* _Your objective_
Print every line below exactly as written, but leave the pictures behind.

Top of Supplied information

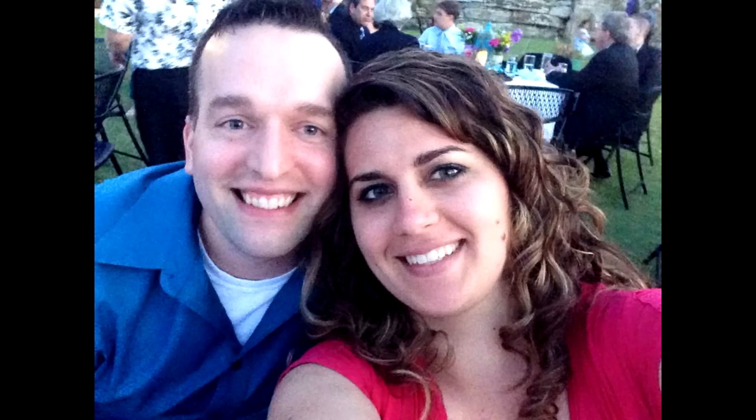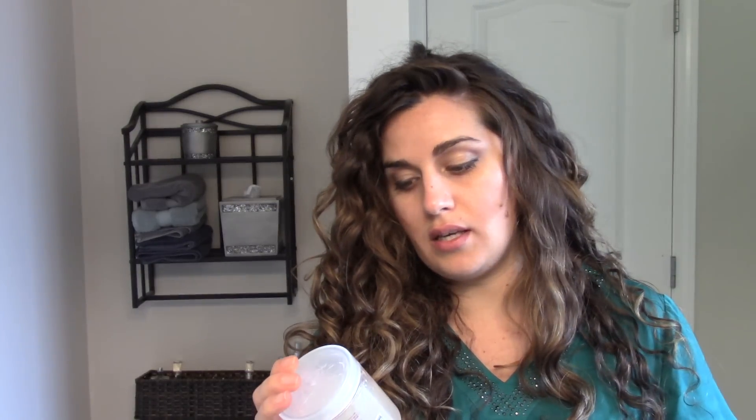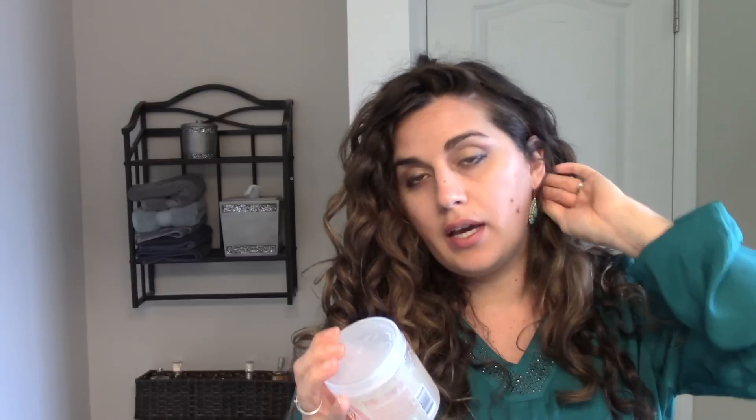The store-bought gel closest to FlaxiGel that I've found is Kinky Curly Curling Custard. A lot of people like this — it clumps your hair well and gives really good ringlets. It has no glycerin, which is why a lot of people like it. Wavies like to do Kinky Curly Custard and then something like LA Lux or BioSilk Rock Hard Gel Jelly for glycerin-free styling. If you're not glycerin sensitive, don't worry about it. Type 3s and 4s love this for the definition and shine it gives.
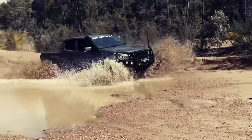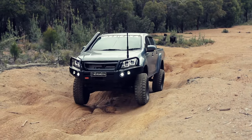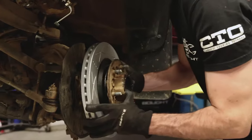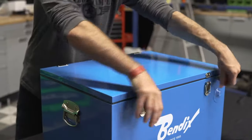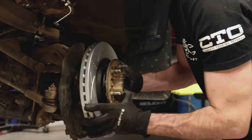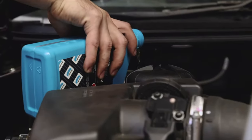Whether your D-Max is for work or a bit of off-road fun, it's important to make sure that your brakes are ready for whatever comes your way with the Bendix Ultimate 4WD Brake Upgrade Kit. The kit comes complete with everything needed to improve your D-Max's stopping power, all within this handy Bendix Icebox. In the kit you'll find a set of Ultimate 4WD Brake Pads and Ultimate Brake Rotors, braided hoses for improved pedal feel, and all the consumables needed to get the job done.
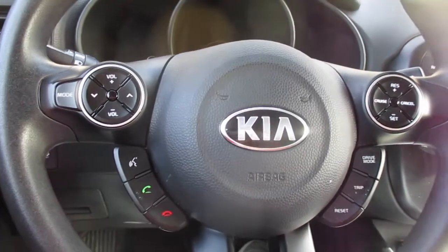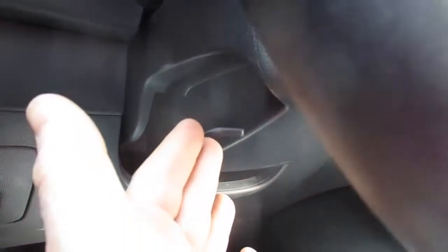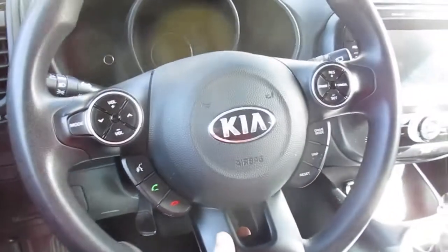Maybe you have a Kia Soul and you're wondering how to adjust the steering wheel. You're going to come to the steering wheel, and on the left side, if you go behind the steering wheel, you're going to see a little tab here. You're just going to pull that down.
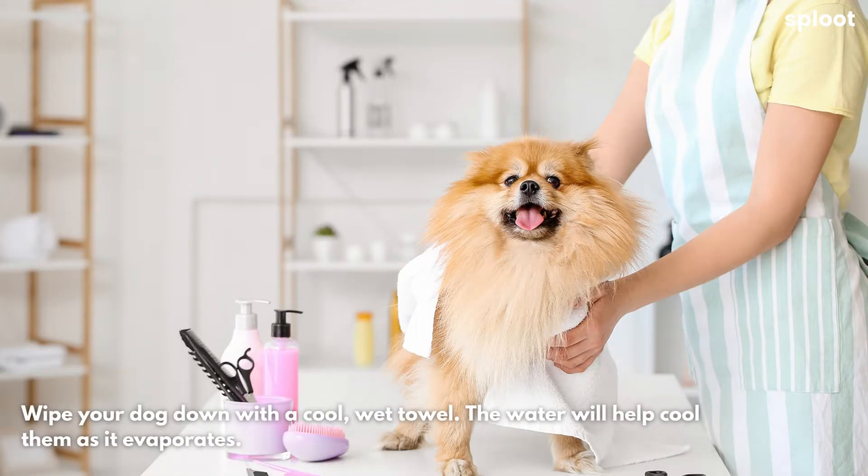Wipe your dog down with a cool, wet towel. The water will help cool them as it evaporates.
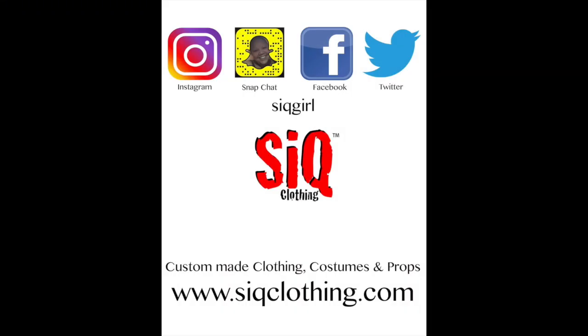As always, don't forget to subscribe to my YouTube channel before you leave, follow me on all other social media, and I will see you guys in my next video. Bye!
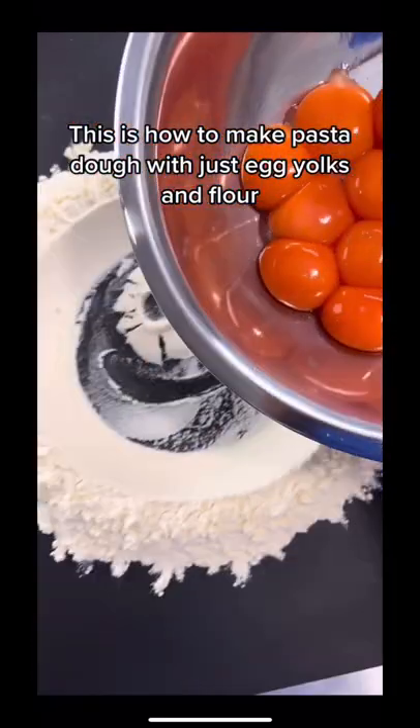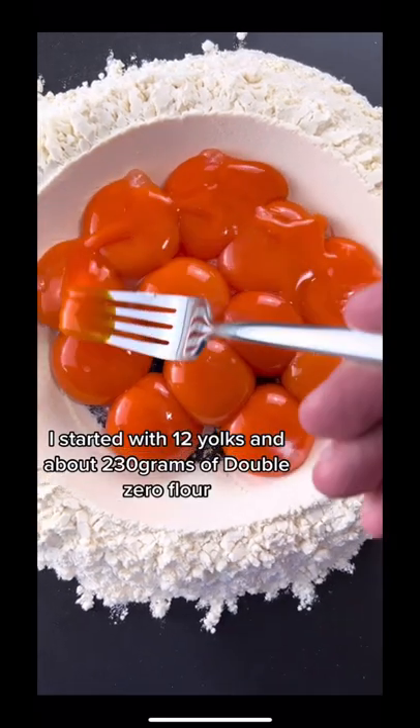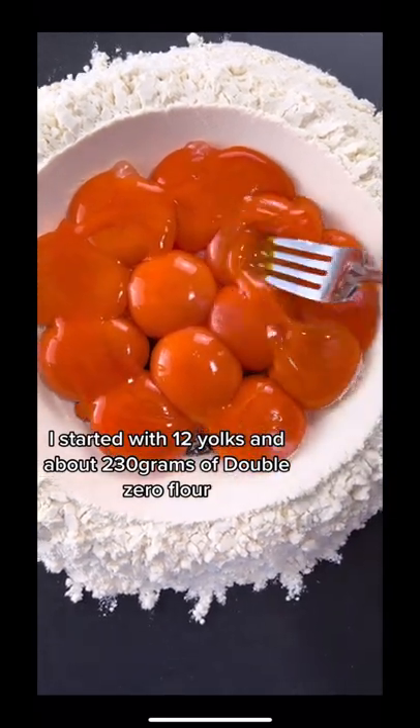This is how to make pasta dough with just egg yolks and flour. I started with 12 yolks and about 230 grams of double zero flour.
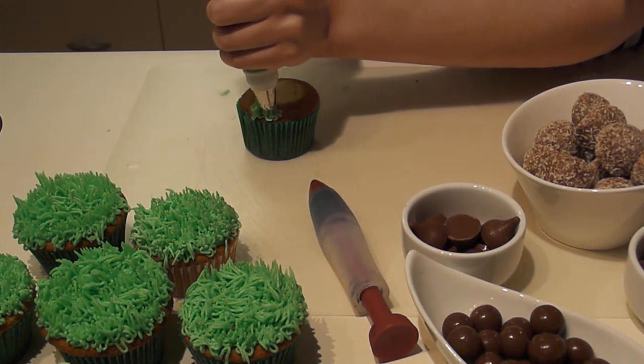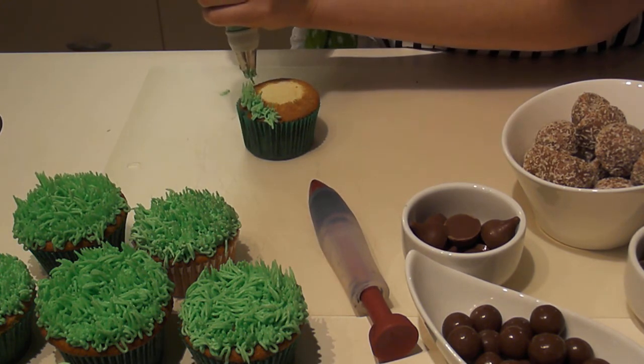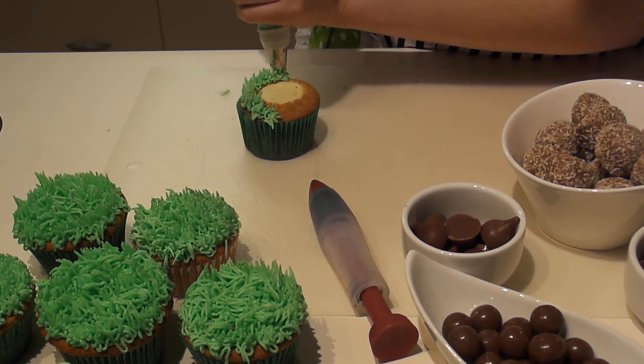You don't want the icing tip to touch the cupcake, because then the grass won't look like grass — it'll become smooshed. And you just go around the outside.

Bottom of Supplied information

* _Task solution_
The store-bought gel closest to FlaxiGel that I've found is Kinky Curly Curling Custard. A lot of people like this — it clumps your hair well and gives really good ringlets. It has no glycerin, which is why a lot of people like it. Wavies like to do Kinky Curly Custard and then something like LA Lux or BioSilk Rock Hard Gel Jelly for glycerin-free styling. If you're not glycerin sensitive, don't worry about it. Type 3s and 4s love this for the definition and shine it gives.
Whether your D-Max is for work or a bit of off-road fun, it's important to make sure that your brakes are ready for whatever comes your way with the Bendix Ultimate 4WD Brake Upgrade Kit. The kit comes complete with everything needed to improve your D-Max's stopping power, all within this handy Bendix Icebox. In the kit you'll find a set of Ultimate 4WD Brake Pads and Ultimate Brake Rotors, braided hoses for improved pedal feel, and all the consumables needed to get the job done.
Maybe you have a Kia Soul and you're wondering how to adjust the steering wheel. You're going to come to the steering wheel, and on the left side, if you go behind the steering wheel, you're going to see a little tab here. You're just going to pull that down.
Wipe your dog down with a cool, wet towel. The water will help cool them as it evaporates.
As always, don't forget to subscribe to my YouTube channel before you leave, follow me on all other social media, and I will see you guys in my next video. Bye!
This is how to make pasta dough with just egg yolks and flour. I started with 12 yolks and about 230 grams of double zero flour.
You don't want the icing tip to touch the cupcake, because then the grass won't look like grass — it'll become smooshed. And you just go around the outside.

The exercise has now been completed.